# TASK TO CARRY OUT
Would you return exactly the lines below from the line with "Bộ trưởng Môi" through the line with "寶格麗小扇子手鏈價(jià)格 腕間的極致奢華 寶格麗小扇子手鏈價(jià)格", both included, and nothing else, leaving out the pictures?

# SOURCE MATERIAL

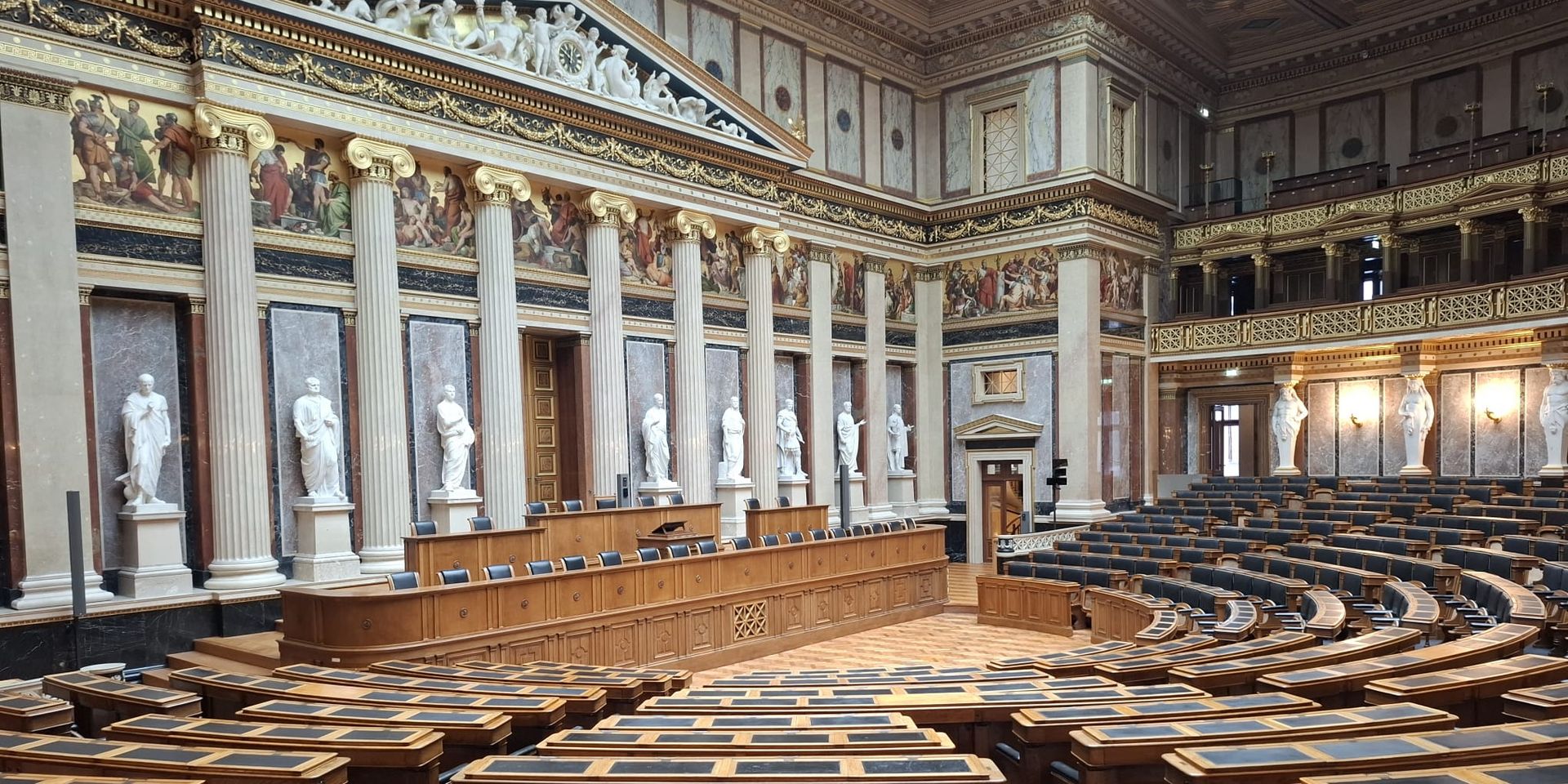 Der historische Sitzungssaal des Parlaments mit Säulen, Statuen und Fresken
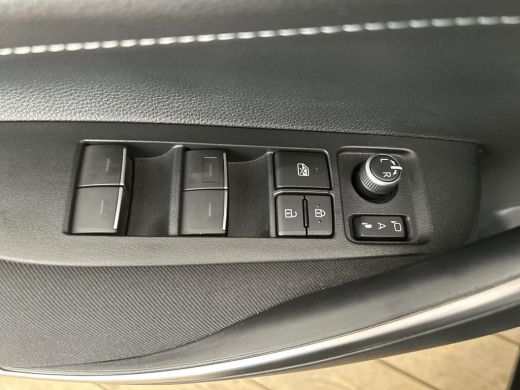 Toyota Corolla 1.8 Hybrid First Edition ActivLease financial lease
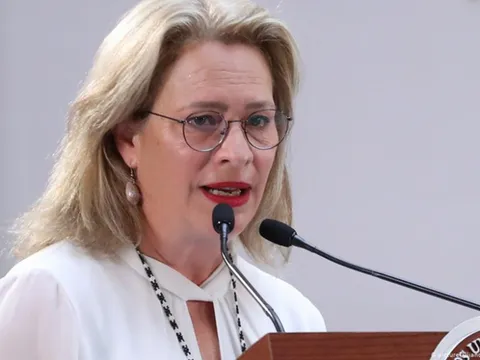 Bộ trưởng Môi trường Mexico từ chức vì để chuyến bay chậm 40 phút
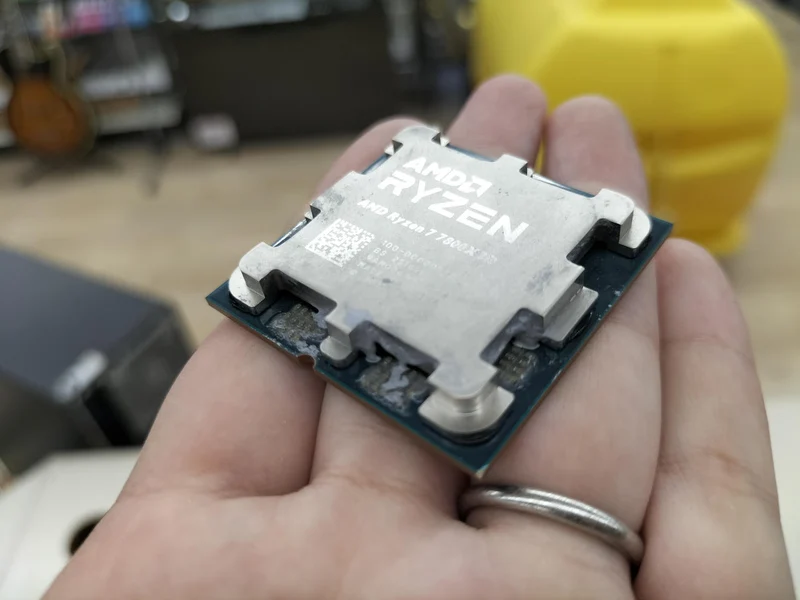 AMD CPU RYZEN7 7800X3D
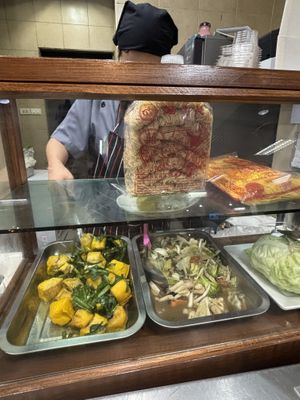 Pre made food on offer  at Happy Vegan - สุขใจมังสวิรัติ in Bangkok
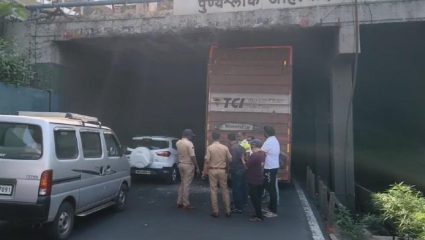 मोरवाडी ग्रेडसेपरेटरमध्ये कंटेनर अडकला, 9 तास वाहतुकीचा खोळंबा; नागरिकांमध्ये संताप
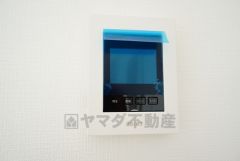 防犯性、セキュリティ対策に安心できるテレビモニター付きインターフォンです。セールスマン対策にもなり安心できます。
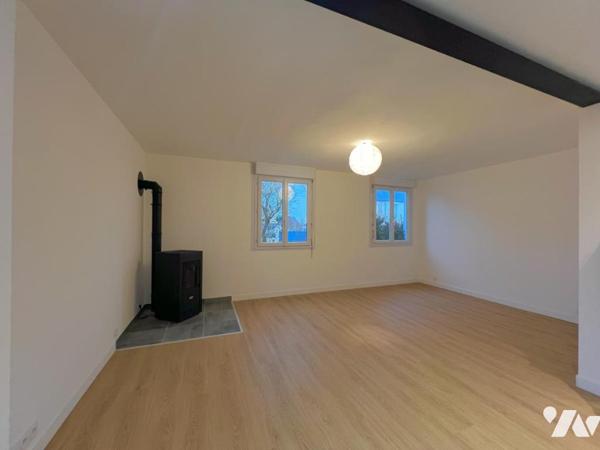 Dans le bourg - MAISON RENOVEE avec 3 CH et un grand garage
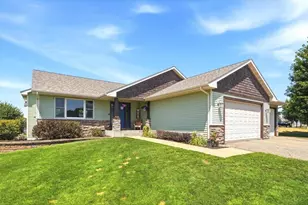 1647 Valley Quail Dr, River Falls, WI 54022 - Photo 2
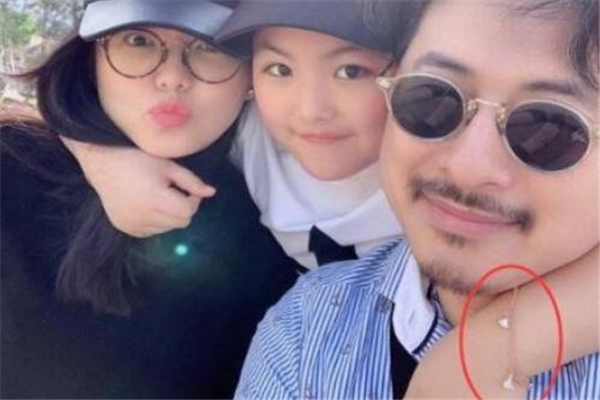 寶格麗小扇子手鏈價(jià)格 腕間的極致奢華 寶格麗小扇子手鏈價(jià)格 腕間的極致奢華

* * *

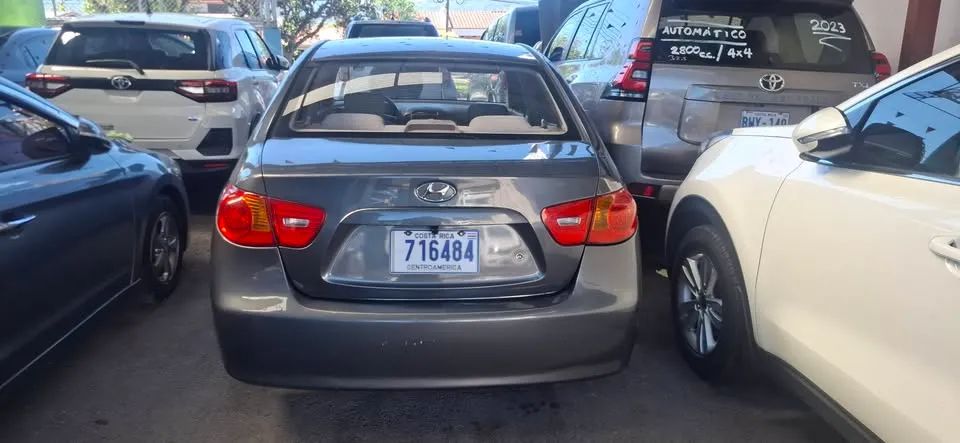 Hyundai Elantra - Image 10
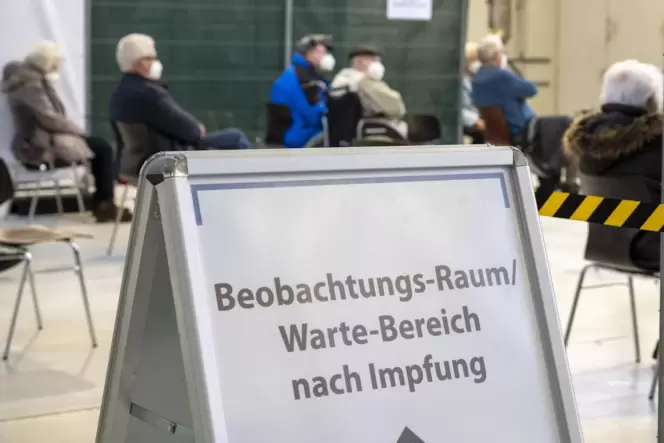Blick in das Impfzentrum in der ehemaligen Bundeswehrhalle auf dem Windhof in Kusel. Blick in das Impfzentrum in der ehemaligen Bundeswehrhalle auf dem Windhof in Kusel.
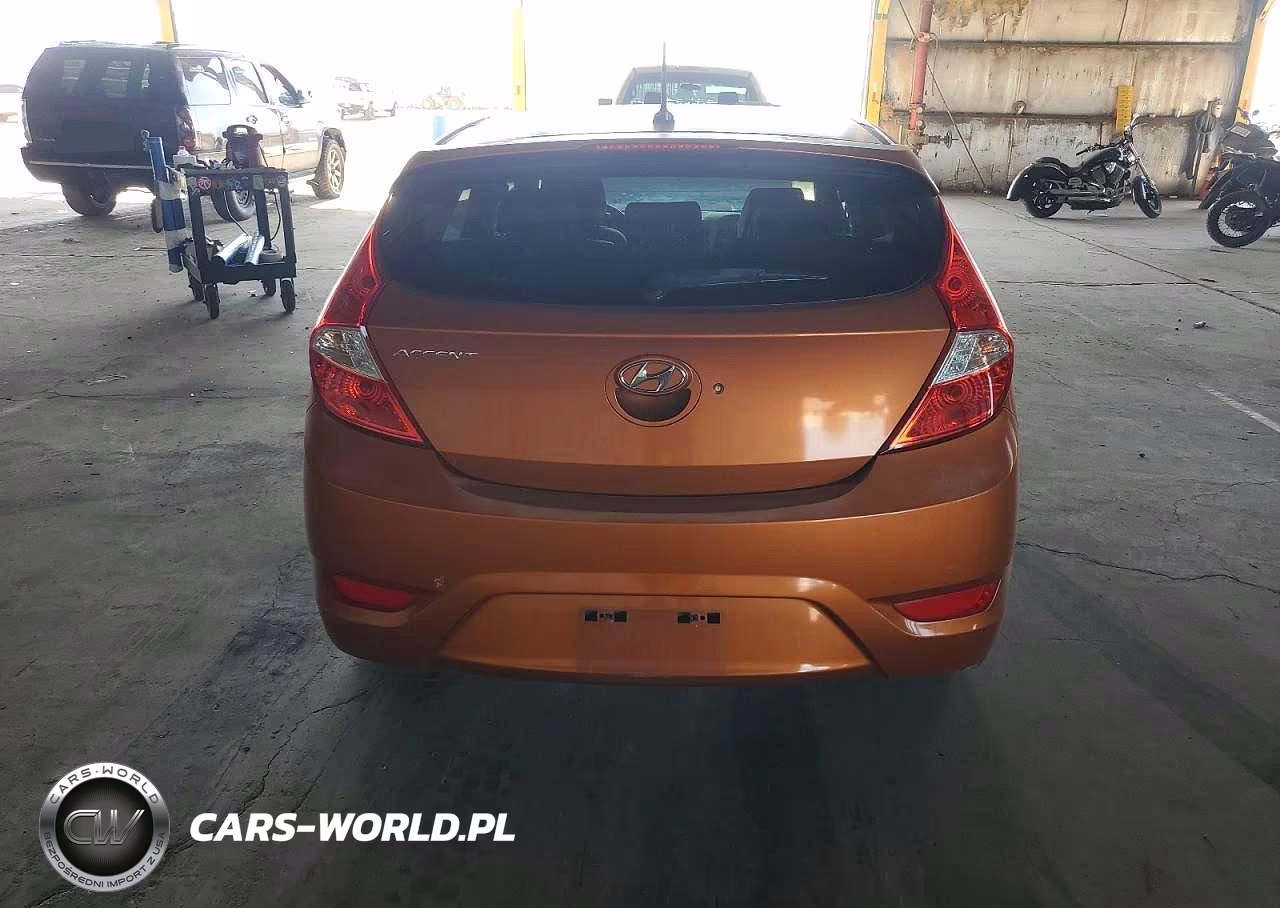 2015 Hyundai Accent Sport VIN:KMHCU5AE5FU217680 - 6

---

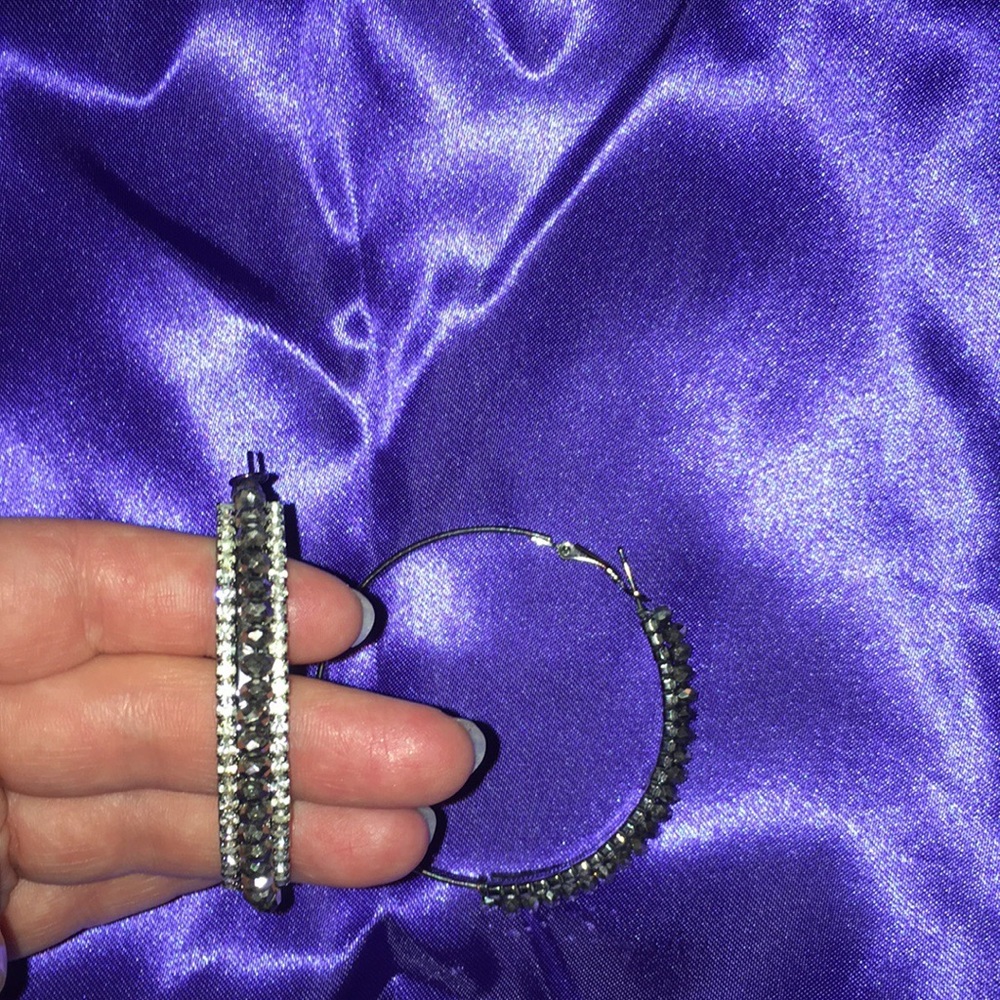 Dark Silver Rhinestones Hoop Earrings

# RESPONSE FOR THIS EXERCISE
 Bộ trưởng Môi trường Mexico từ chức vì để chuyến bay chậm 40 phút
 AMD CPU RYZEN7 7800X3D
 Pre made food on offer  at Happy Vegan - สุขใจมังสวิรัติ in Bangkok
 मोरवाडी ग्रेडसेपरेटरमध्ये कंटेनर अडकला, 9 तास वाहतुकीचा खोळंबा; नागरिकांमध्ये संताप
 防犯性、セキュリティ対策に安心できるテレビモニター付きインターフォンです。セールスマン対策にもなり安心できます。
 Dans le bourg - MAISON RENOVEE avec 3 CH et un grand garage
 1647 Valley Quail Dr, River Falls, WI 54022 - Photo 2
 寶格麗小扇子手鏈價(jià)格 腕間的極致奢華 寶格麗小扇子手鏈價(jià)格 腕間的極致奢華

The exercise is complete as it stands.